### Information provided
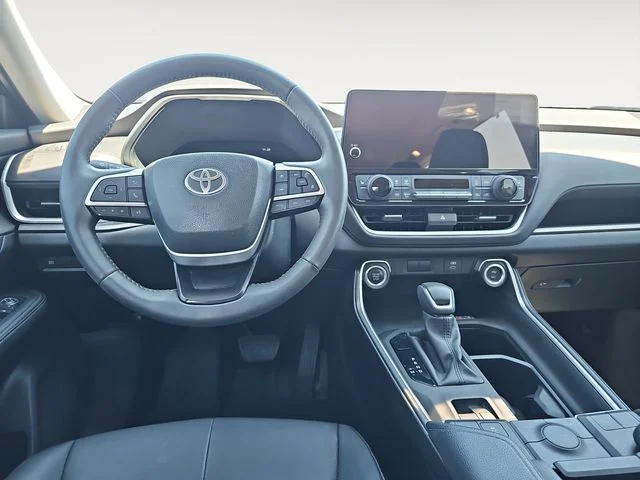 Used 2024 White Toyota XLE image 8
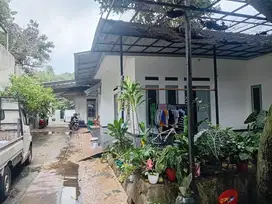 Dijual ian semi furnish dengan lahan yang luas kawasan Cimanggis Depok
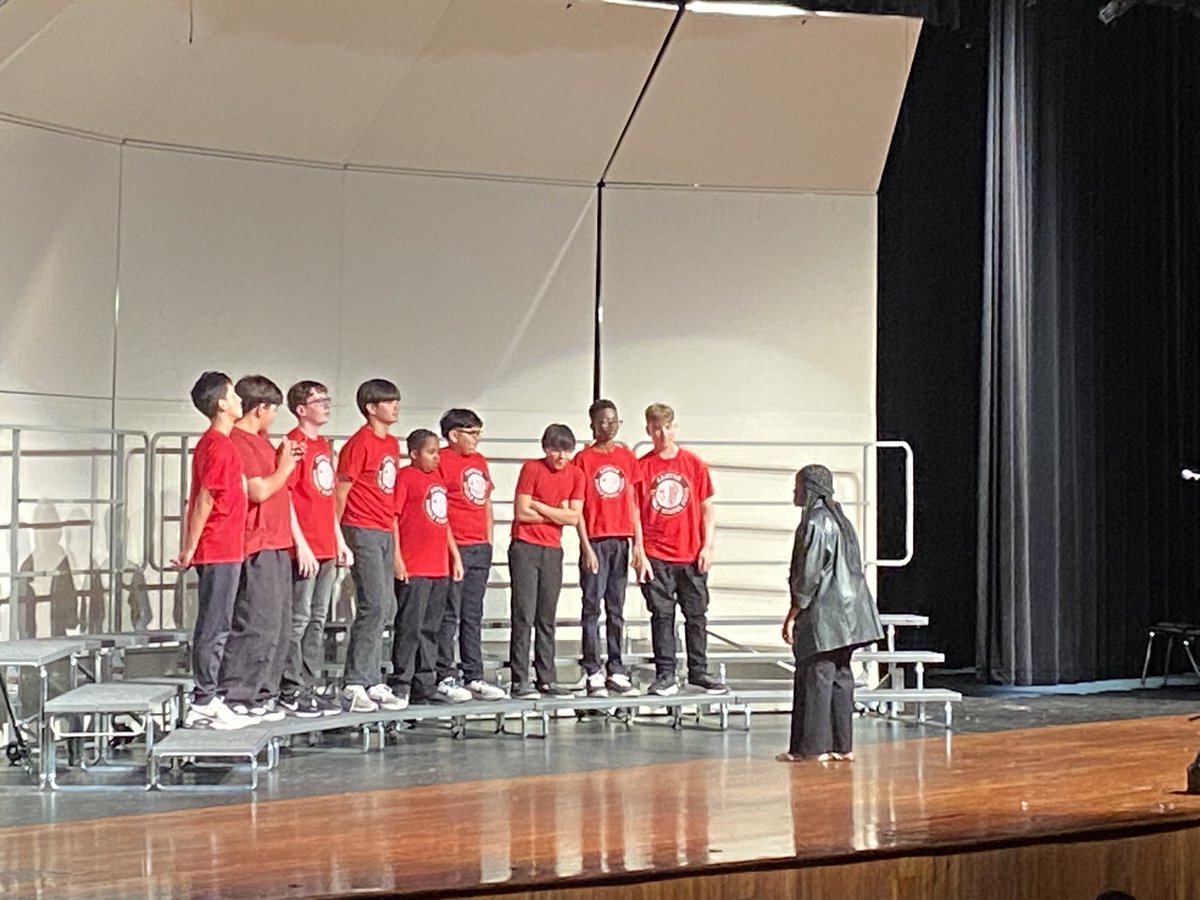CanyonMiddle's tweet photo. What a great show by the CMS choir last night!  Thank you Mrs. Kinley for all of your hard work! #RiseandRoar #todayincomal #comalisd @CMS_Quidachay @CoreyStLaw @RhondaBrown_ @lyonseducator https://t.co/NimYxnig9S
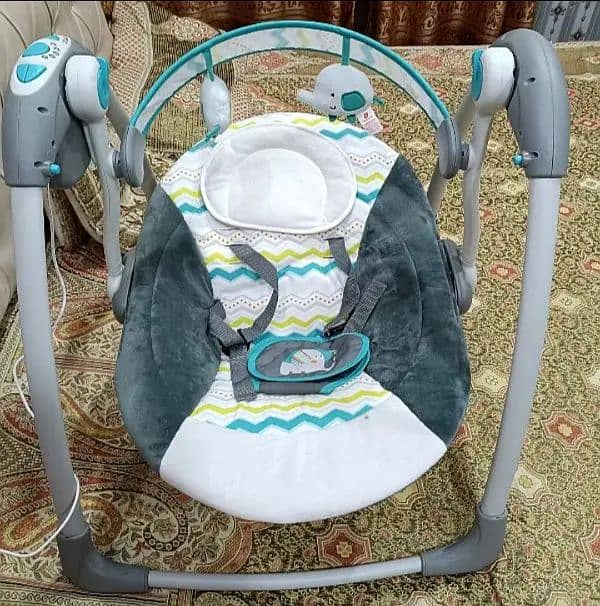 Baby Swing From Mastela Brand 2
######
Problem description
With the pictures removed, write the listing out word for word.

Solved problem
 Used 2024 White Toyota XLE image 8
 Dijual ian semi furnish dengan lahan yang luas kawasan Cimanggis Depok
CanyonMiddle's tweet photo. What a great show by the CMS choir last night!  Thank you Mrs. Kinley for all of your hard work! #RiseandRoar #todayincomal #comalisd @CMS_Quidachay @CoreyStLaw @RhondaBrown_ @lyonseducator https://t.co/NimYxnig9S
 Baby Swing From Mastela Brand 2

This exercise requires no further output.